Exercise goal: From the entries below, copy every line that holds the word "exposed".

(Image-text web data)
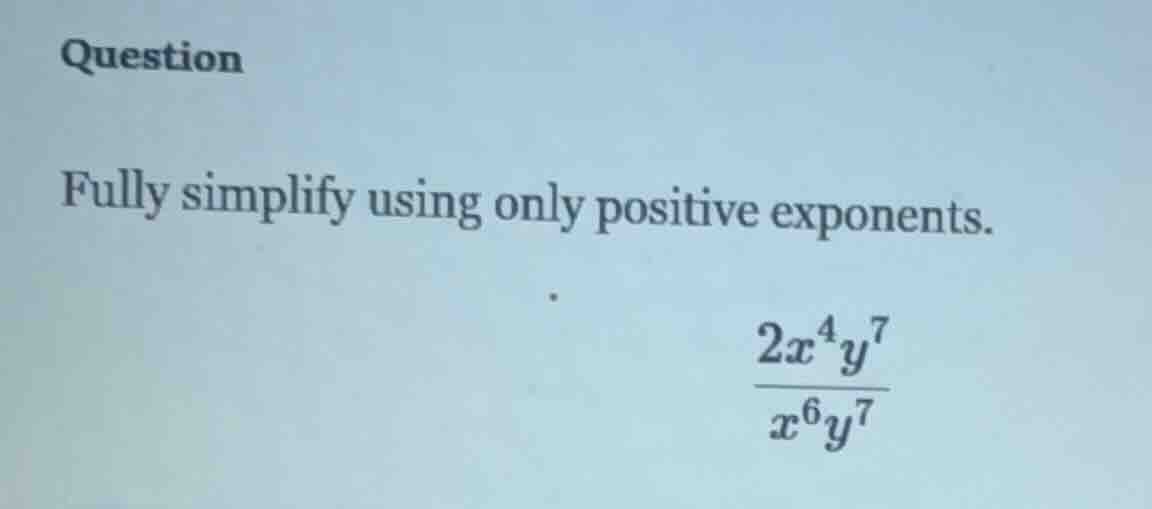 question fully simplify using only positive exponents. \\(\frac{2x^{4}y…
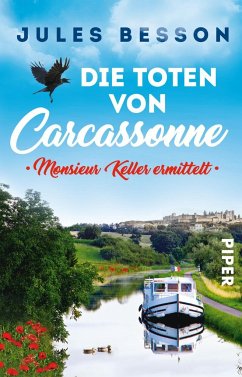 Die Toten von Carcassonne / Hausboot-Krimis Bd.1 - Besson, Jules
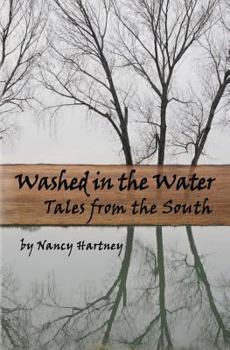 Paperback Washed in the Water: Tales from the South Book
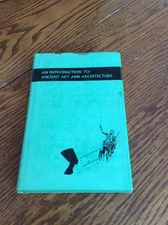 Introduction To Ancient Art And Architecture 1966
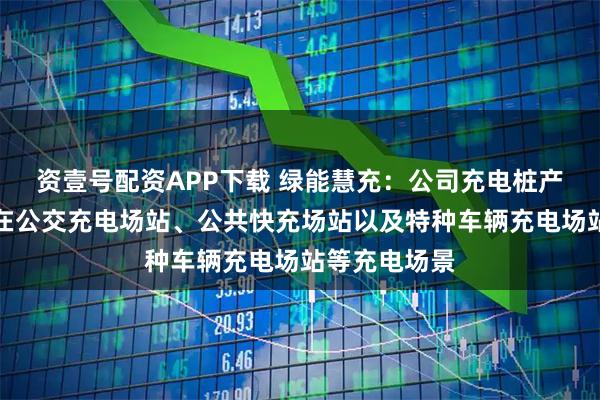 资壹号配资APP下载 绿能慧充：公司充电桩产品主要应用在公交充电场站、公共快充场站以及特种车辆充电场站等充电场景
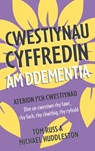 Cwestiynau Cyffredin am Ddementia - Tom Russ ; Michael Huddleston - 9781802587579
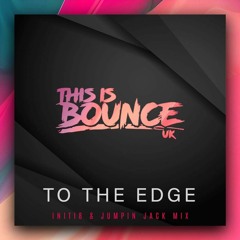 Initi8 & Jumpin Jack - To The Edge (Radio Edit)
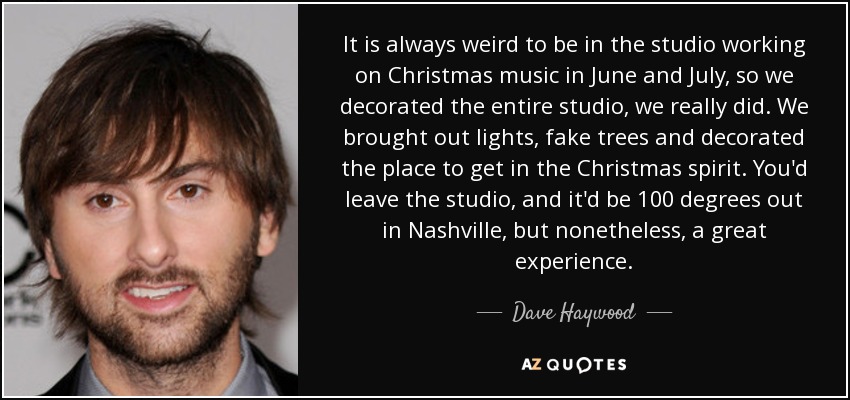 It is always weird to be in the studio working on Christmas music in June and July, so we decorated the entire studio, we really did. We brought out lights, fake trees and decorated the place to get in the Christmas spirit. You'd leave the studio, and it'd be 100 degrees out in Nashville, but nonetheless, a great experience. - Dave Haywood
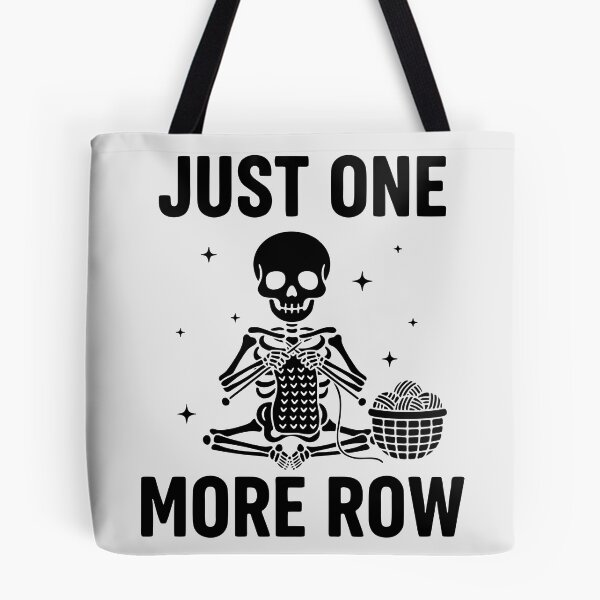 Item preview, Just One More Row, Funny Knitting Sarcastic Quote designed and sold by Fliflat.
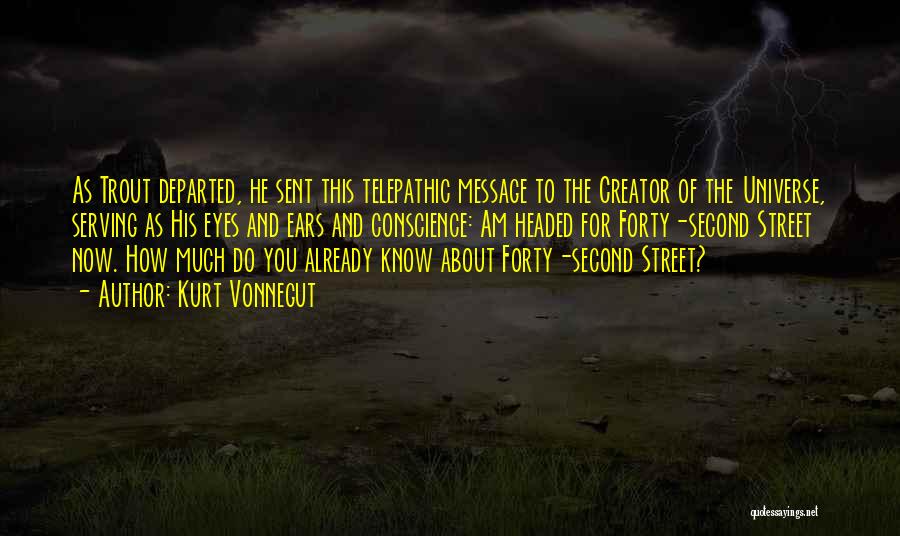 Kurt Vonnegut Quotes: As Trout Departed, He Sent This Telepathic Message To The Creator Of The Universe, Serving As His Eyes And Ears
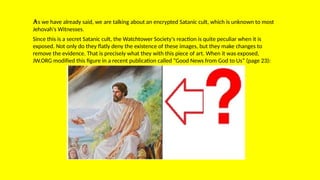 As we have already said, we are talking about an encrypted Satanic cult, which is unknown to most
Jehovah's Witnesses.
Since this is a secret Satanic cult, the Watchtower Society's reaction is quite peculiar when it is
exposed. Not only do they flatly deny the existence of these images, but they make changes to
remove the evidence. That is precisely what they with this piece of art. When it was exposed,
JW.ORG modified this figure in a recent publication called “Good News from God to Us” (page 23):
 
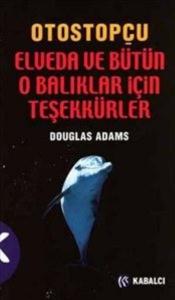 Otostopçu 4. Kitap: Elveda ve Bütün O Balıklar İçin Teşekkürler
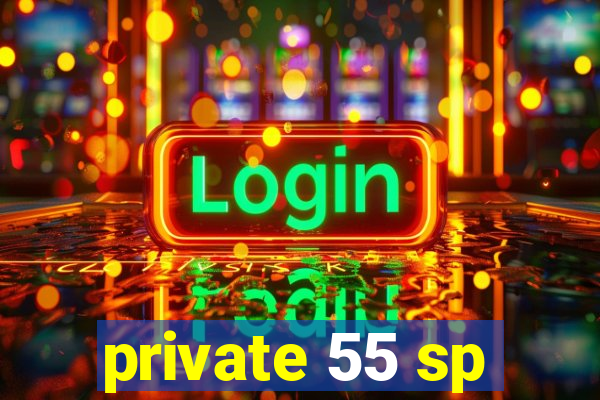 private 55 sp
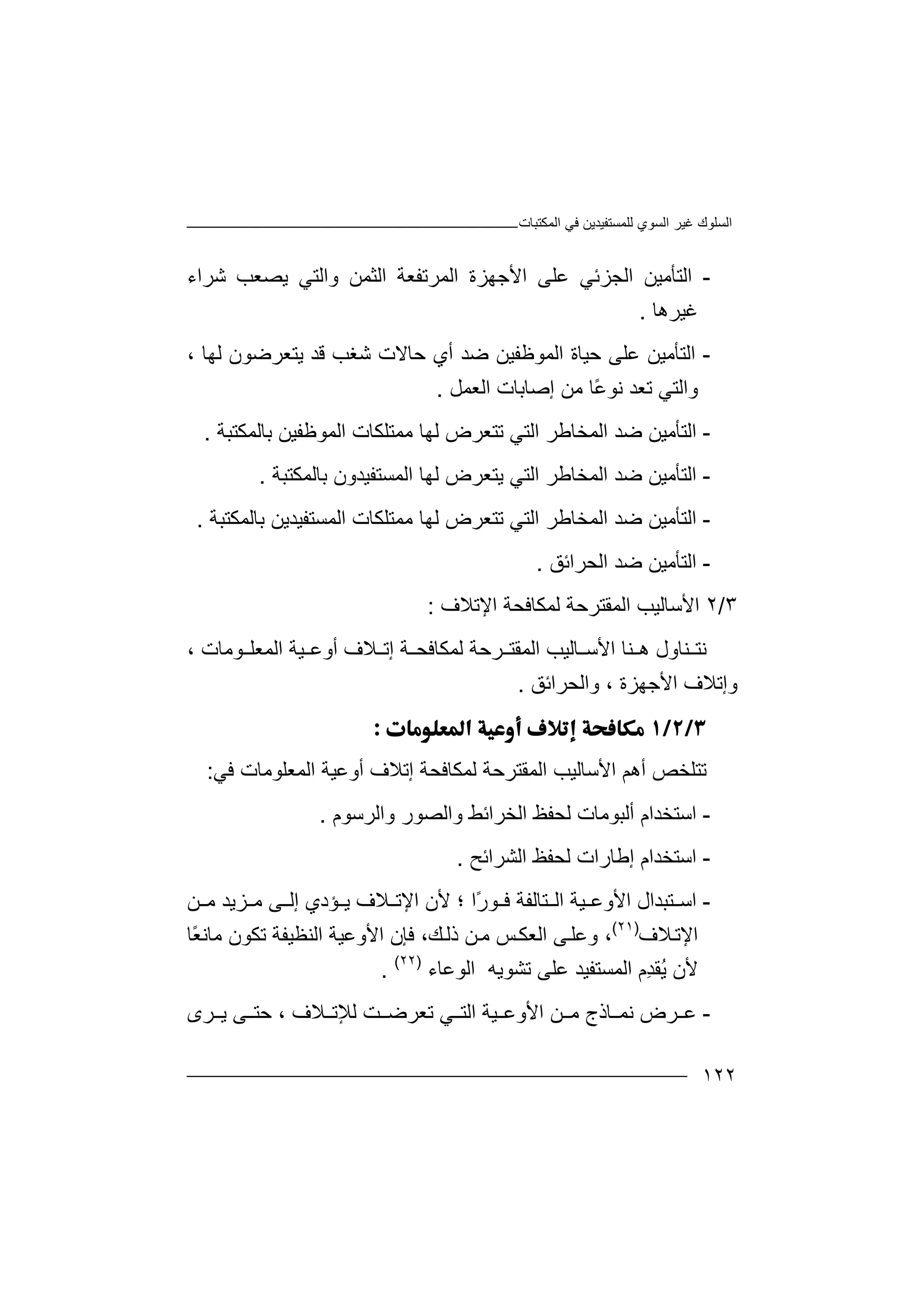 ‫اﻟﻤﻜﺘﺒﺎت‬ ‫ﻓﻲ‬ ‫ﻟﻠﻤﺴﺘﻔﯿﺪﯾﻦ‬ ‫اﻟﺴﻮي‬ ‫ﻏﯿﺮ‬ ‫اﻟﺴﻠﻮك‬
١٢٢
-‫اﻟﺘ‬‫اﻟﺠﺰﺋﻲ‬ ‫ﺄﻣﯿﻦ‬‫ﻋﻠﻰ‬‫اﻟ‬ ‫اﻷﺟﮭﺰة‬‫ﻤﺮ‬‫ﺗﻔ‬‫ﻌﺔ‬‫اﻟﺜﻤﻦ‬‫وا‬‫ﻟﺘ‬‫ﻲ‬‫ﯾﺼ‬‫ﻌﺐ‬‫ﺷ‬‫ﺮا‬‫ء‬
‫ﻏ‬‫ﯿﺮھﺎ‬.
-‫اﻟﺘ‬‫ﺣﯿﺎ‬ ‫ﻋﻠﻰ‬ ‫ﺄﻣﯿﻦ‬‫اﻟ‬ ‫ة‬‫ﻤﻮﻇﻔﯿ‬‫ﺿﺪ‬ ‫ﻦ‬، ‫ﻟﮭﺎ‬ ‫ﯾﺘﻌﺮﺿﻮن‬ ‫ﻗﺪ‬ ‫ﺷﻐﺐ‬ ‫ﺣﺎﻻت‬ ‫أي‬
‫واﻟﺘ‬‫ﻲ‬‫ﺗ‬‫ﻌﺪ‬‫ﻧ‬ً‫ﻋ‬‫ﻮ‬‫ﺎ‬‫ﻣ‬‫ﻦ‬‫إﺻﺎﺑﺎت‬‫اﻟ‬‫ﻌﻤﻞ‬.
-‫اﻟ‬‫ﺘ‬‫ﺄ‬‫ﻣ‬‫اﻟﻤﺨﺎﻃﺮ‬ ‫ﺿﺪ‬ ‫ﯿﻦ‬‫ا‬‫ﻟ‬‫ﺗﺘﻌﺮض‬ ‫ﺘﻲ‬‫ﻟ‬‫ﮭ‬‫ﻣﻤﺘ‬ ‫ﺎ‬‫ﻠ‬‫ﻜ‬‫ﺎ‬‫ﺑﺎﻟﻤﻜﺘﺒﺔ‬ ‫اﻟﻤﻮﻇﻔﯿﻦ‬ ‫ت‬.
-‫اﻟﺘ‬‫ﺄ‬‫ﻣ‬‫اﻟﻤﺨﺎﻃﺮ‬ ‫ﺿﺪ‬ ‫ﯿﻦ‬‫ا‬‫ﻟ‬‫اﻟﻤﺴﺘﻔﯿﺪ‬ ‫ﻟﮭﺎ‬ ‫ﯾﺘﻌﺮض‬ ‫ﺘﻲ‬‫ون‬‫ﺑ‬‫ﺎﻟﻤﻜﺘﺒﺔ‬.
-‫اﻟﺘ‬‫ﺄ‬‫ﻣ‬‫اﻟﻤﺨﺎ‬ ‫ﺿﺪ‬ ‫ﯿﻦ‬‫ﻃ‬‫ا‬ ‫ﺮ‬‫ﻟ‬‫ﺗﺘﻌﺮ‬ ‫ﺘﻲ‬‫ض‬‫ﻟﮭ‬‫ﺎ‬‫ﻣﻤ‬‫ﺘ‬‫ﻠﻜﺎ‬‫ت‬‫ﺑﺎﻟﻤﻜﺘﺒﺔ‬ ‫اﻟﻤﺴﺘﻔﯿﺪﯾﻦ‬.
-‫اﻟﺘ‬‫ﺄ‬‫ﻣﯿﻦ‬‫اﻟﺤﺮاﺋﻖ‬ ‫ﺿﺪ‬.
٣/٢‫ا‬‫ﻷ‬‫اﻟﻤﻘﺘﺮ‬ ‫ﺳﺎﻟﯿﺐ‬‫ﺣ‬‫ﺔ‬‫ﻟﻤﻜ‬‫اﻹﺗﻼف‬ ‫ﺎﻓﺤﺔ‬:
‫ﻧ‬‫ﺘ‬‫ﻨ‬‫ﺎول‬‫ﺎ‬ ‫اﻷﺳ‬ ‫ﻨﺎ‬ ‫ھ‬‫ﻟ‬‫ﯿ‬‫ﺐ‬‫ﺔ‬ ‫ﻟﻤﻜﺎﻓﺤ‬ ‫ﺮﺣﺔ‬ ‫اﻟﻤﻘﺘ‬‫إ‬‫ﺗ‬‫ﻼ‬‫اﻟﻤﻌﻠ‬ ‫ﯿﺔ‬ ‫أوﻋ‬ ‫ف‬‫ﻮ‬‫ﻣ‬‫ﺎ‬‫ت‬،
‫و‬‫اﻷﺟﮭﺰ‬ ‫إﺗﻼف‬‫ة‬،‫و‬‫اﻟﺤﺮاﺋﻖ‬.

‫ﺗ‬‫ﺘ‬‫ﻠ‬‫اﻷﺳﺎﻟ‬ ‫أھﻢ‬ ‫ﺨﺺ‬‫ﯿ‬‫ﺐ‬‫ﻟ‬ ‫اﻟﻤﻘﺘﺮﺣﺔ‬‫ﻤ‬‫ﻜ‬‫ﺎ‬‫ﻓﺤﺔ‬‫إ‬‫ﺗ‬‫ﻼ‬‫أوﻋ‬ ‫ف‬‫ﯿ‬‫ﺔ‬‫اﻟﻤﻌ‬‫ﻠ‬‫ﻮ‬‫ﻣ‬‫ﻓﻲ‬ ‫ﺎت‬:
-‫ا‬‫ﺳ‬‫ﺘ‬‫أﻟﺒﻮﻣﺎت‬ ‫ﺨﺪام‬‫ﻟ‬‫ﺤ‬‫ﻔ‬‫واﻟﺮﺳﻮم‬ ‫واﻟﺼﻮر‬ ‫اﻟﺨﺮاﺋﻂ‬ ‫ﻆ‬.
-‫ا‬‫ﺳ‬‫ﺘ‬‫ﺨﺪا‬‫إﻃﺎرات‬ ‫م‬‫ﻟ‬‫ﺤ‬‫ﻔ‬‫ﻆ‬‫اﻟ‬‫ﺸﺮ‬‫اﺋﺢ‬.
-‫اﺳ‬‫ﺘﺒ‬‫ﺪ‬‫ﯿﺔ‬ ‫اﻷوﻋ‬ ‫ال‬‫ا‬‫ﻟ‬ً‫ر‬‫ﻮ‬ ‫ﻓ‬ ‫ﺘﺎﻟﻔﺔ‬‫ا‬‫ﻷ‬ ‫؛‬‫ن‬‫ﻼف‬ ‫اﻹﺗ‬‫ﺆ‬ ‫ﯾ‬‫إ‬ ‫دي‬‫ﻟ‬‫ﻦ‬ ‫ﻣ‬ ‫ﺰﯾﺪ‬ ‫ﻣ‬ ‫ﻰ‬
‫ﻼف‬‫اﻹﺗ‬)٢١(
‫و‬ ،‫ﻦ‬‫ﻣ‬ ‫ﺲ‬‫اﻟﻌﻜ‬ ‫ﻰ‬‫ﻋﻠ‬‫ﻚ‬‫ذﻟ‬‫ًﺎ‬‫ﻌ‬‫ﻣﺎﻧ‬ ‫ﺗﻜﻮن‬ ‫اﻟﻨﻈﯿﻔﺔ‬ ‫اﻷوﻋﯿﺔ‬ ‫ﻓﺈن‬ ،
ُ‫ﯾ‬ ‫ﻷن‬‫اﻟ‬ ‫ِم‬‫ﺪ‬‫ﻘ‬‫ﻤ‬‫ﺗﺸﻮﯾﮫ‬ ‫ﻋﻠﻰ‬ ‫ﺴﺘﻔﯿﺪ‬‫ا‬‫ﻟ‬‫ﻮﻋﺎء‬)٢٢(
.
-‫ﻋ‬‫ﺮ‬‫ض‬‫ﺎذج‬ ‫ﻧﻤ‬‫ﻣ‬‫ﻦ‬‫اﻷ‬‫ﯿﺔ‬ ‫وﻋ‬‫ﻼف‬ ‫ﻟﻺﺗ‬ ‫ﺖ‬ ‫ﺗﻌﺮﺿ‬ ‫ﻲ‬ ‫اﻟﺘ‬‫ﯾ‬ ‫ﻰ‬ ‫ﺣﺘ‬ ،‫ﺮى‬
 
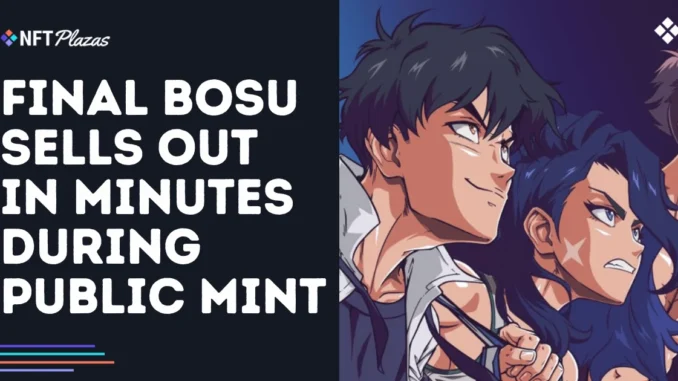 Final Bosu NFT Collection Sells Out in Minutes During Public Mint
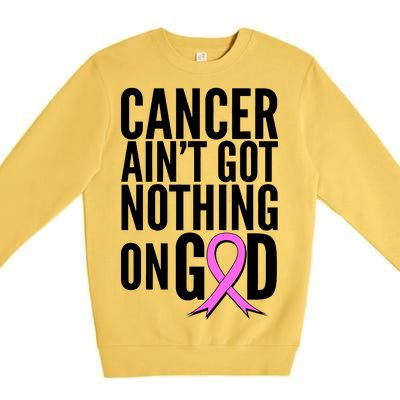 Cancer Ain't Got Nothing on God Breast Cancer Awareness Premium Crewneck Sweatshirt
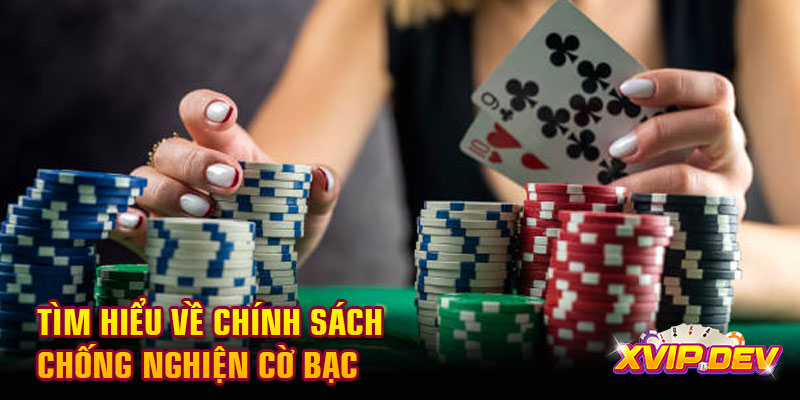 chính sách chống nghiện cờ bạc Tìm hiểu về chính sách chống nghiện cờ bạc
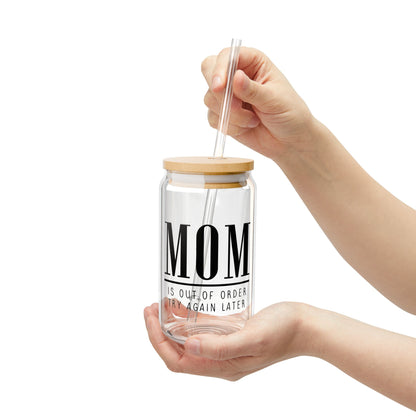 Mom is Out of Order Sipper Glass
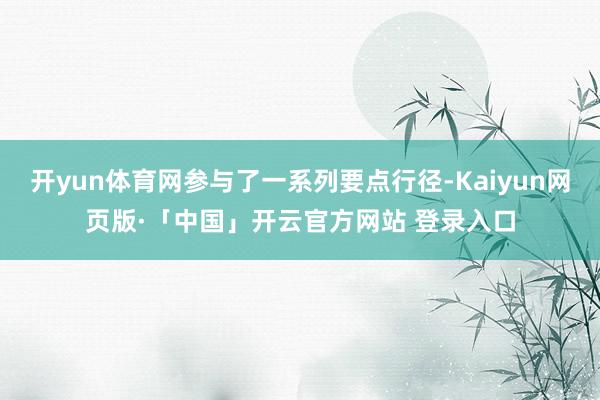 开yun体育网参与了一系列要点行径-Kaiyun网页版·「中国」开云官方网站 登录入口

Solution for this task:
exposed. Not only do they flatly deny the existence of these images, but they make changes to
remove the evidence. That is precisely what they with this piece of art. When it was exposed,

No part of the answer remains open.